Os presidentes da Câmara, Senado e Supremo sobem ao gabinete de Golbery do Couto e Silva, chefe do gabinete civil. Ali são avisados de que o presidente os aguardava. Os três foram levados para um dos salões do Palácio do Planalto. Por volta de 9h, a razão da reunião dos presidentes dos poderes chega: o general Sylvio Frota é chamado por Geisel e, na frente de todos, é demitido.
Frota e Geisel divergiam sobre os rumos da ditadura militar. Enquanto o primeiro era um representante da “linha dura”, o presidente da República trabalhava pela abertura política “lenta e gradual”. Frota mobilizou aliados no Congresso para fazer frente aos planos do governo. E por isso foi demitido por Geisel. Com testemunhas.
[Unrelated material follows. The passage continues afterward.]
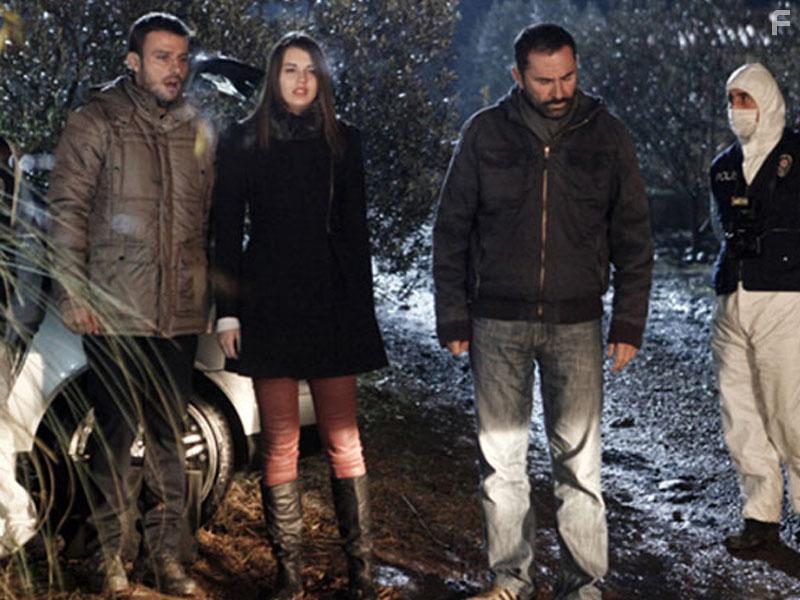 Zeytin Tepesi (2014)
À tarde, os três são chamados novamente ao Palácio para a posse do substituto de Frota, o general Fernando Belfort Bethlem. Em cerimônia breve, o presidente fez um discurso de poucas linhas: “Desejo nessa oportunidade transmitir os meus votos de felicidade pessoal e o desejo de que cumpra sua missão, mantendo a união do Exército para o bem dessa importante instituição do País que, junto com a Aeronáutica e a Marinha, têm o pesado encargo de assegurar a nossa sobrevivência como nação no âmbito internacional e assegurar a ordem e a estabilidade dentro do País”.
Bethlem agradeceu o convite em também curto discurso. E recebeu as primeiras ordens de Geisel, conforme relatos pessoais que estão guardados na memória de quem viveu aquele momento. O presidente alinhara ao seu lado direito os presidentes do Senado, da Câmara e do Supremo. Encerrados os discursos protocolares, determinou que Bethlem jurasse cumprir a Constituição e que batesse continência aos presidentes dos demais poderes. Numa clara demonstração de apreço do presidente da República pelos presidentes e instituições de Estado.
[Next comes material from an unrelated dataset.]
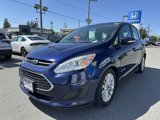 Used 2017 Ford C-MAX SE image 5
Dias depois de sua posse, o general Bethlem faz uma visita de cortesia ao presidente do STF. E logo no mês seguinte, em gesto inédito, Geisel foi ao tribunal para assistir à sessão solene em comemoração dos 150 anos do STF, acompanhado de todo o seu ministério.
Voltando ao presente. Nos próximos dias, o novo ministro da Defesa, general Braga Netto, deve visitar alguns dos ministros do Supremo com a intenção de comunicar os fundamentos que movem as Forças Armadas e de reafirmar o cumprimento do papel constitucional. Alguns dos ministros não estarão em Brasília. Na semana passada, as primeiras explicações para a troca de todo o comando militar foram prestadas pelo demissionário Fernando Azevedo. Os presidentes da Câmara e do Senado, ao contrário, foram avisados das mudanças com antecedência. Bolsonaro só fez contato com o tribunal depois do fato consumado e das dúvidas pairarem no ar.
*A coluna ExCelso é um espaço para lembrarmos e discutirmos a história do Supremo Tribunal Federal por meio de imagens, documentos, entrevistas, livros. A coluna é publicada semanalmente e traz em seu nome uma referência ao ex-ministro Celso de Mello, que atuou como a memória do tribunal durante seus anos como decano. Quem assistia às sessões se acostumou às suas referências que, não raro, iam até o Império e às Ordenações Filipinas, do século XVI.